About this exercise: Among the records below, find the line with "一枚邮票就是一枚时光标本,用一枚邮票讲述一个故事" and the line with "Bin lirasını aldılar". Set down both and every line between, exactly and with no pictures, but nothing else.

The records: Begin

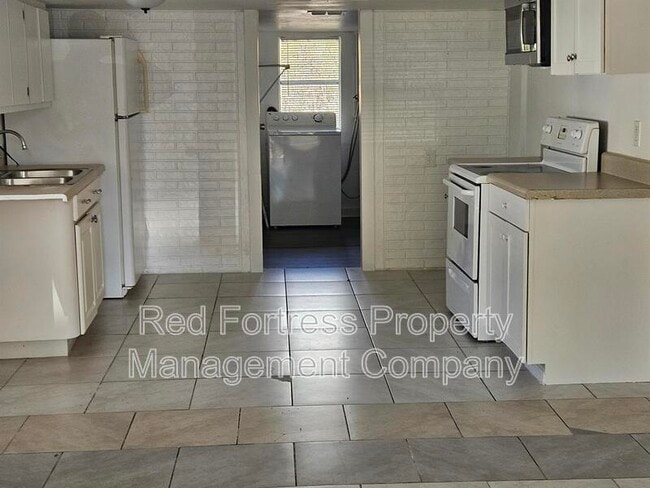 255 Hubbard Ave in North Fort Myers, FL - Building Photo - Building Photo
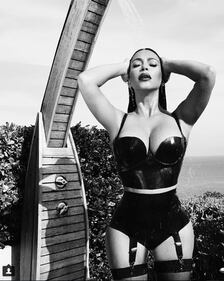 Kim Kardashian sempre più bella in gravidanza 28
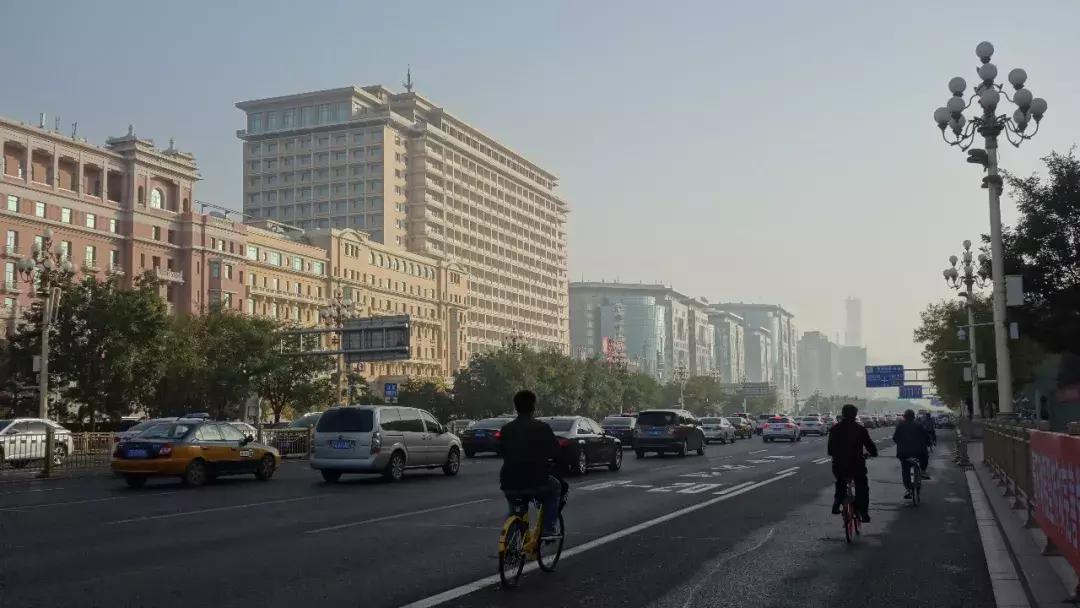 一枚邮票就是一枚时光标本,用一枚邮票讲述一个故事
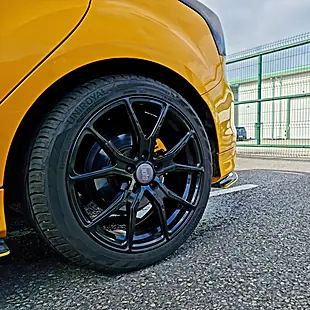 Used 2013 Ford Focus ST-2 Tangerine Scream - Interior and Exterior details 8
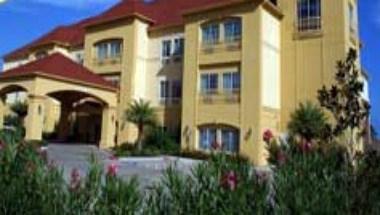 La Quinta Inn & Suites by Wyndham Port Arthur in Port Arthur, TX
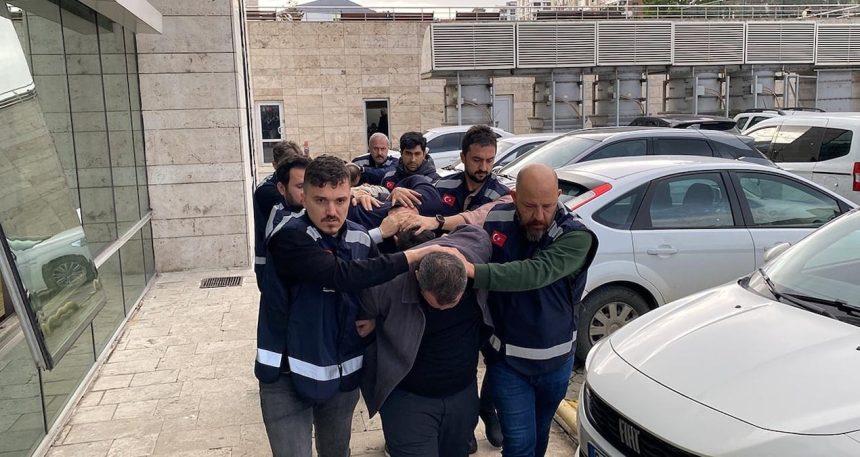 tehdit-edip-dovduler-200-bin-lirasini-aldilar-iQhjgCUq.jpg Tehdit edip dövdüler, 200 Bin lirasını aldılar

The records: End
The records: Begin

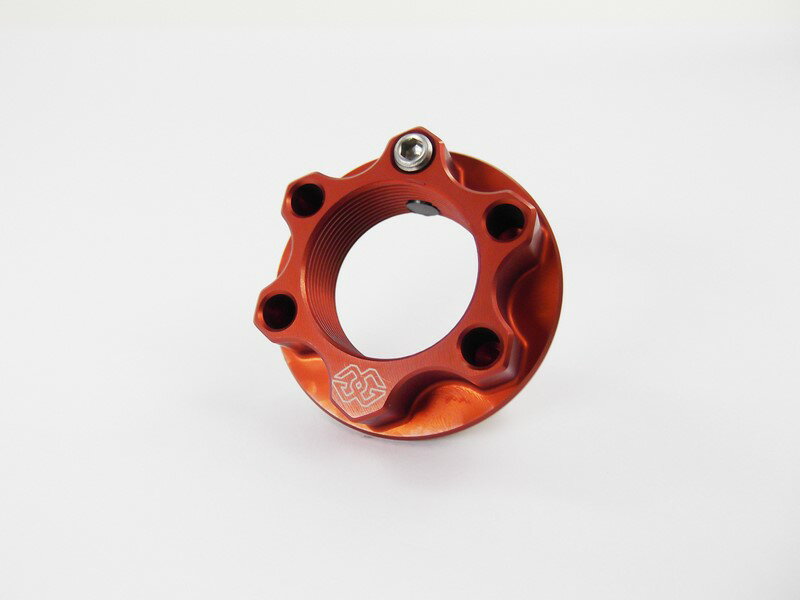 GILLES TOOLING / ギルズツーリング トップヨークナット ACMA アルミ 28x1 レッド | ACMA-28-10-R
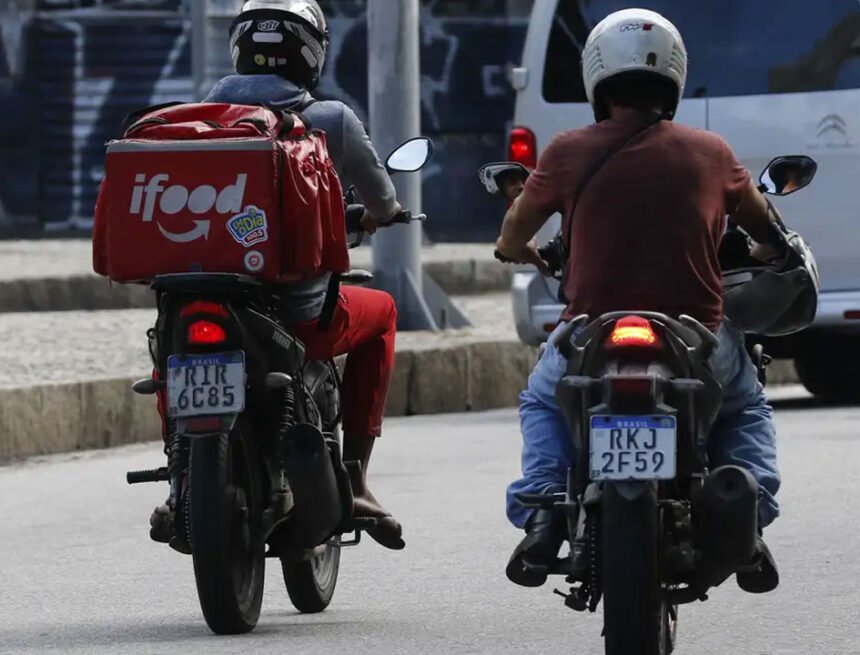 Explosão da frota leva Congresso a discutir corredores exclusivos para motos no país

The records: End

Answer area:
 一枚邮票就是一枚时光标本,用一枚邮票讲述一个故事
 Used 2013 Ford Focus ST-2 Tangerine Scream - Interior and Exterior details 8
 La Quinta Inn & Suites by Wyndham Port Arthur in Port Arthur, TX
 tehdit-edip-dovduler-200-bin-lirasini-aldilar-iQhjgCUq.jpg Tehdit edip dövdüler, 200 Bin lirasını aldılar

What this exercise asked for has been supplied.